El clasismo del 'Grand Prix'
El Grand Prix ha vuelto a TVE dieciocho años después de su estreno. El concurso forma parte de los grandes clásicos televisivos que marcaron a una generación de espectadores y que ahora se recuperan con la voluntad de captar audiencia a través de estimular la nostalgia. La emisión del primer programa era un viaje al pasado. Ningún indicio de evolución, ni cronológica ni tecnológica. Presenciamos tele analógica: decorados de plástico, disfraces de gomaespuma, mecanismos rudimentarios y un caduco Ramon García. El presentador, que fue defenestrado de la televisión incluso de las noches de Fin de Año, ahora ha renacido de las cenizas con el formato que lo catapultó.
La dinámica es exactamente la misma de siempre: dos pueblos de España se enfrentan entre ellos superando varias pruebas que exigen cierta condición física, buena voluntad y sentido del humor. Los alcaldes de la localidad supervisan la competición de sus ciudadanos desde un balcón acompañados de un famoso. Y parte del pueblo anima desde la grada. El espíritu de Fuenteovejuna, todos a una, para animar a los valientes que se exponen a superar los obstáculos. “Ramón, ¡al turrón!”, exclama una de las copresentadoras para que García ponga en marcha cada prueba. La vaquilla que embestía a los concursantes ha desaparecido del juego por razones obvias: en dieciocho años, los derechos de los animales deben respetarse también en televisión. Se ha convertido, eso sí, en la mascota del programa.
Las pruebas del Grand Prix, inspiradas en las del célebre Humor amarillo, implican batacazos ridículos. Una de las más famosas es la de los Troncos Locos. Unos rodillos gigantes que giran sobre una piscina. Los concursantes tienen que correr por encima de los troncos con riesgo de trompazos que hacen que se escurran entre los rodillos hasta caer al agua.
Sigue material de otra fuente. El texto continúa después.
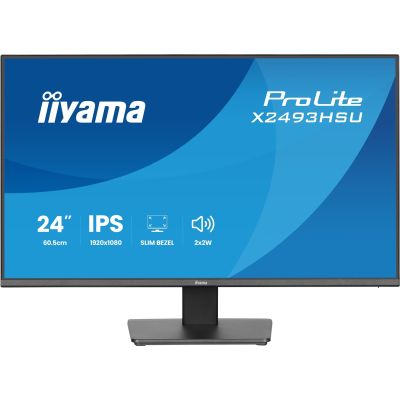 26. iiyama ProLite X2493HSU-B1 monitor komputerowy 60,5 cm (23.8") 1920 x 1080 px Full HD LED Czarny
Para potenciar el ridículo de la caída, los participantes van disfrazados o equipados con cascos absurdos. Se tienen que vestir de mariquitas para intentar escalar una pared, meterse dentro de unos pañales gigantes de látex que les impiden la movilidad o intentar esquivar una pelota gigante comprimidos en un bolo enorme, de donde apenas pueden sacar la nariz. Los disfraces se convierten en camisas de fuerza que los convierten en unos participantes torpes. Caen a peso y no se pueden levantar. Quedan indefensos, como escarabajos boca arriba, y son rescatados por unos asistentes que los cogen como sacos de patatas. La ineptitud de los concursantes es lo más hilarante. Nos repiten las caídas y los momentos más lamentables a cámara lenta. El éxito y la fama del programa radican en la humillación del batacazo combinado con el disfraz, que hacen de los concursantes títeres al servicio del espectáculo. Ahora bien, en la prueba final, el clímax se pierde. Los alcaldes entran en juego y el concurso de trompazos culmina con una prueba lingüística. Mientras el pueblo raso suda la gota gorda, el alcalde utiliza el intelecto. Un clímax aburrido que huye de la dinámica y que evidencia un clasismo que, en 2023, debería desaparecer.